But with government guidance still not clear, how prepared are they?
The BBC spoke to a pub, a salon and a B&B to find out how ready they are for the next phase of lockdown easing.
“I’m feeling really anxious about reopening as I just don’t know what’s coming.”
Lindsey Holland runs the Cleeve Hill Hotel, a 12-bedroom B&B in Gloucestershire.
She runs the business on her own and worries that reopening rules may make that impossible.
“I’m going to be really interested to see how much I’m going to be allowed to achieve by myself, when I have to switch from cooking to cleaning, for instance.”
Many B&B staples will disappear, not least the buffet breakfast.

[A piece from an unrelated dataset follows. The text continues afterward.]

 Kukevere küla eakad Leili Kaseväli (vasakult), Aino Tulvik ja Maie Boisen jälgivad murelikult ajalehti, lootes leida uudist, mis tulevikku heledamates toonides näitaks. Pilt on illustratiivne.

“I’ve heard that breakfasts may have to be delivered to rooms, which isn’t practical for me as a one-person business.
“I also can’t afford to buy room service trays.”
Free magazines and the help-yourself minibar will also have to go.
Lindsey reckons she will be able to open up three quarters of the hotel now the social distancing rule has been lowered from 2m to 1m. At 2m, she would only have been able to run at 50% capacity.
However, she says if bookings don’t pick up then it may not be worth her while opening the doors at all in July.
“4 July is just two weeks away and we’re only now getting bits of pieces of details of what the rules may be.
“Even if I do reopen and we have enough bookings, a second wave could mean the end for us.”
“We’ve spent a lot of time during lockdown getting ready for the new normal.”
Simon Daws has run the Gloucester Old Spot pub in Cheltenham for a decade, but recent times have been his biggest challenge, he says.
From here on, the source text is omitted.